Task: Beginning at the line that holds "Come test drive", transcribe each line exactly through the end of the records, and leave any pictures out.

Supplied material:
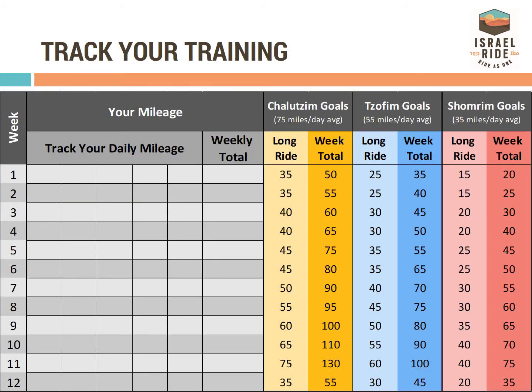We suggest tracking your training with a handy chart to see your improvement over time. This chart is available on our website for download.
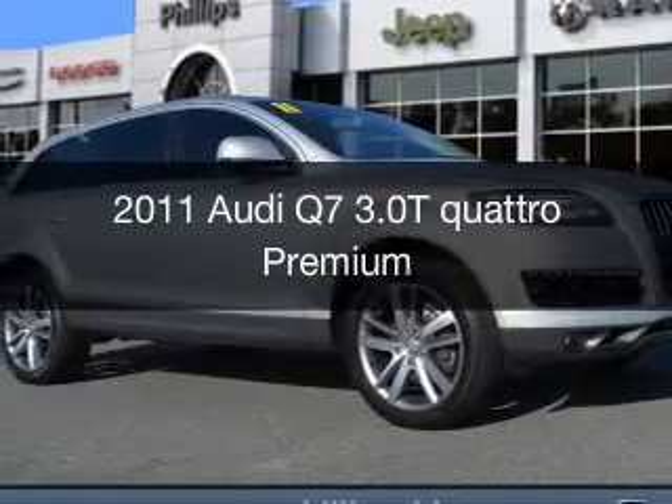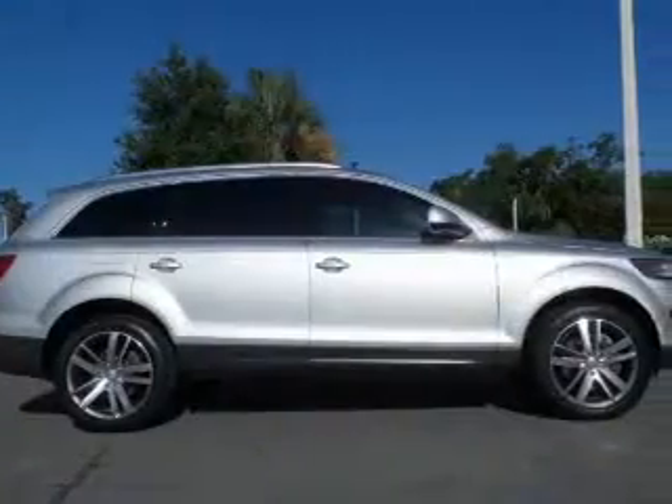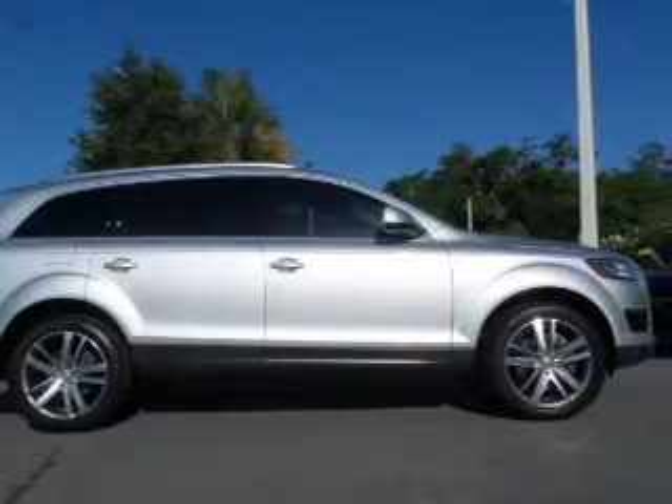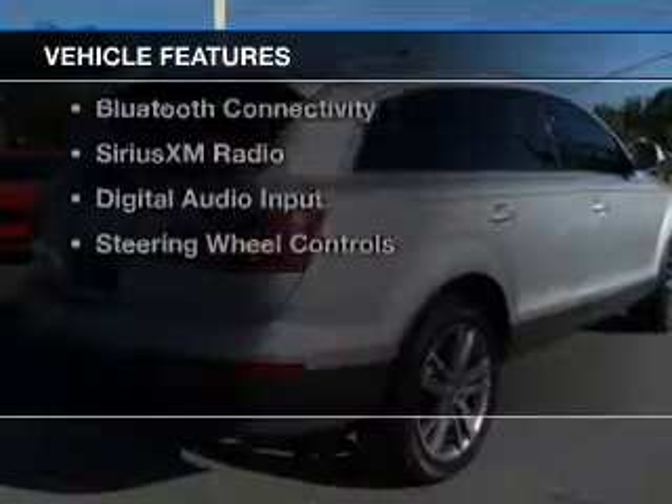This is a used 2011 Audi Q7. It's powered by all-wheel drive, a 3-liter, 6-cylinder engine, and an automatic transmission. The features include a turbocharger,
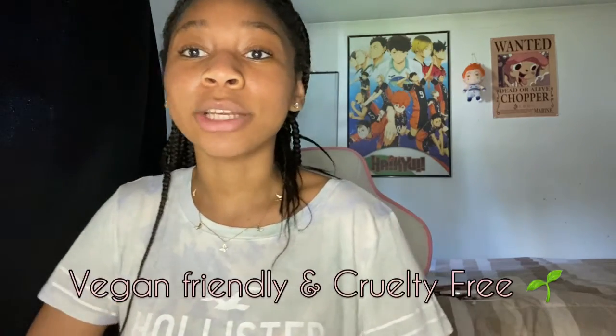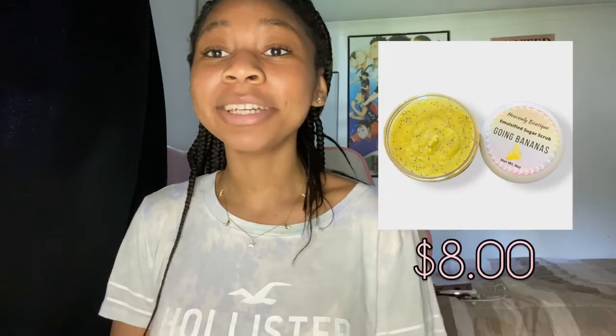Heavenly Boutique sells vegan-friendly and cruelty-free skincare products. Some of the skincare products we sell are bath bombs, cold process soaps, bubble baths, bubble bars, and sugar scrubs. All of these items are made with the intention of providing you with the best bang for your buck and your body as well.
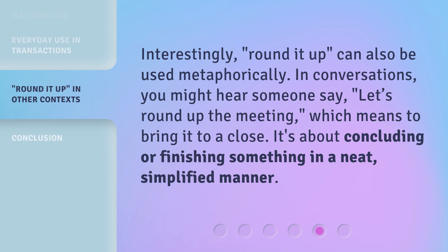Interestingly, Rounded Up can also be used metaphorically. In conversations, you might hear someone say, "Let's round up the meeting," which means to bring it to a close. It's about concluding or finishing something in a neat, simplified manner.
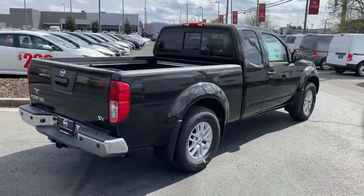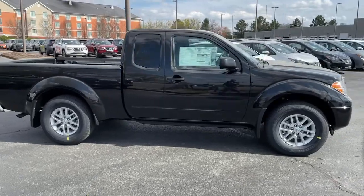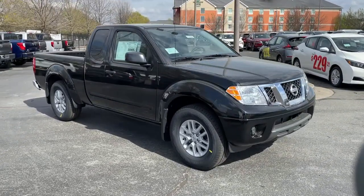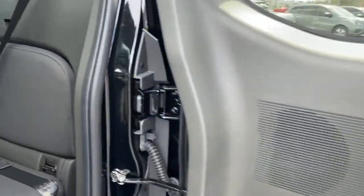These are just some of the great options this vehicle comes with: fog lamps, trailer hitch, electronic stability control, floor mats, bucket seats, power windows, four-wheel disc brakes, power steering.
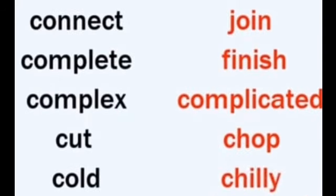Connect / join, complete / finish, complex / complicated, cut / chop, cold / chilly.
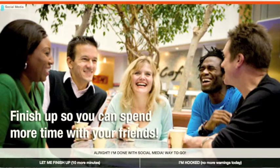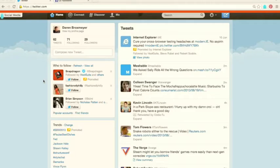When time's up, your motivational image and message appear. You can snooze for 10 minutes or disable warnings for the day, but the thick red line remains on every site in that group.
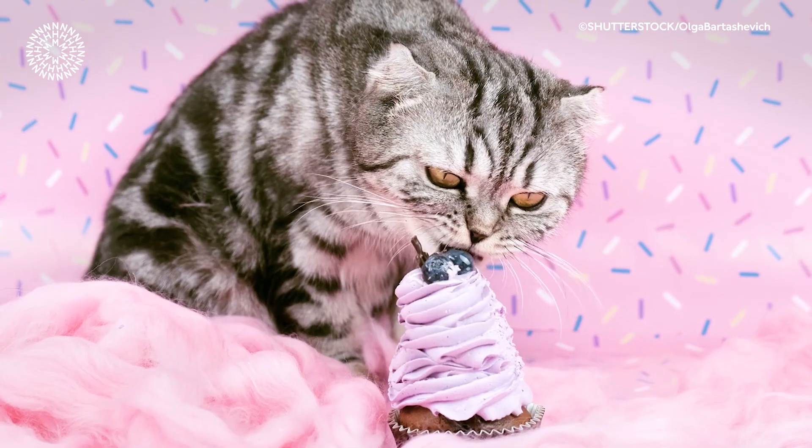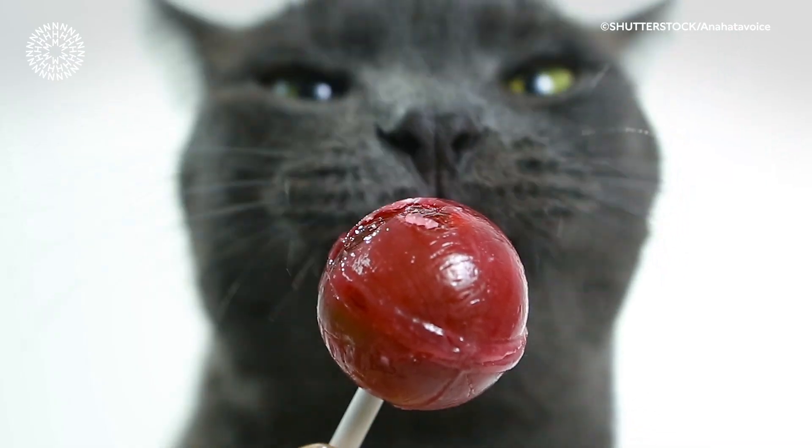Most mammals can detect five basic tastes: sweet, salty, sour, bitter, and umami. But cats can't detect sweet things, so they can't taste sugar or artificial sweeteners.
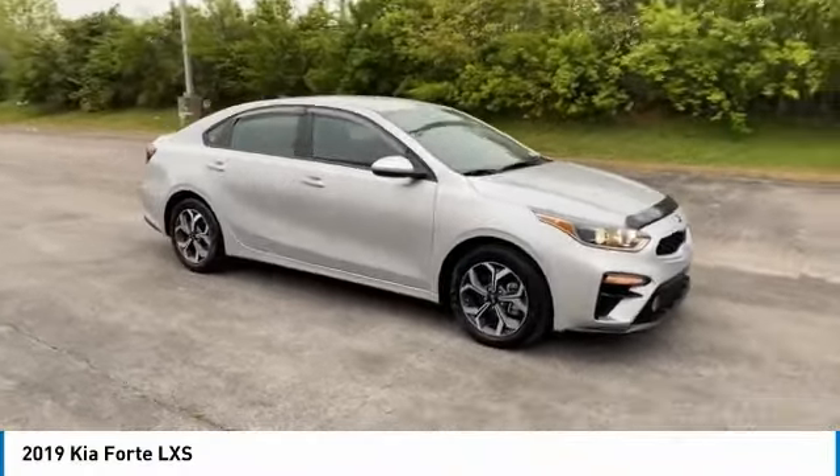Come test drive the 2019 Forte. If you're looking for a trendy and feature-laden compact sedan, the Kia Forte is for you.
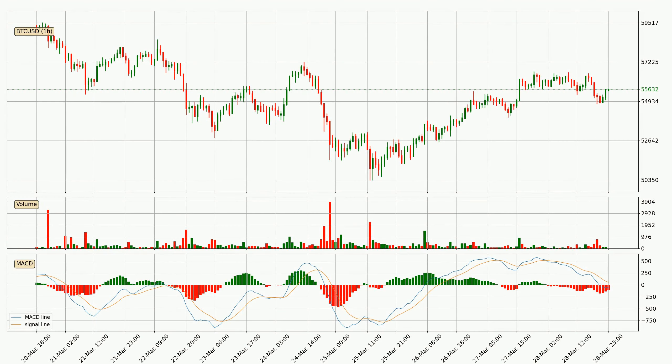Jumping to the hourly MACD, the trend is currently going down because the MACD line is below the signal line. But it's expected for the price to remain the same for some time because the MACD histogram shows that the momentum at the moment is shifting upwards. You should wait and see if the MACD line will cross the signal line, which will be bullish.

Reply:
Come test drive the 2019 Forte. If you're looking for a trendy and feature-laden compact sedan, the Kia Forte is for you.
Jumping to the hourly MACD, the trend is currently going down because the MACD line is below the signal line. But it's expected for the price to remain the same for some time because the MACD histogram shows that the momentum at the moment is shifting upwards. You should wait and see if the MACD line will cross the signal line, which will be bullish.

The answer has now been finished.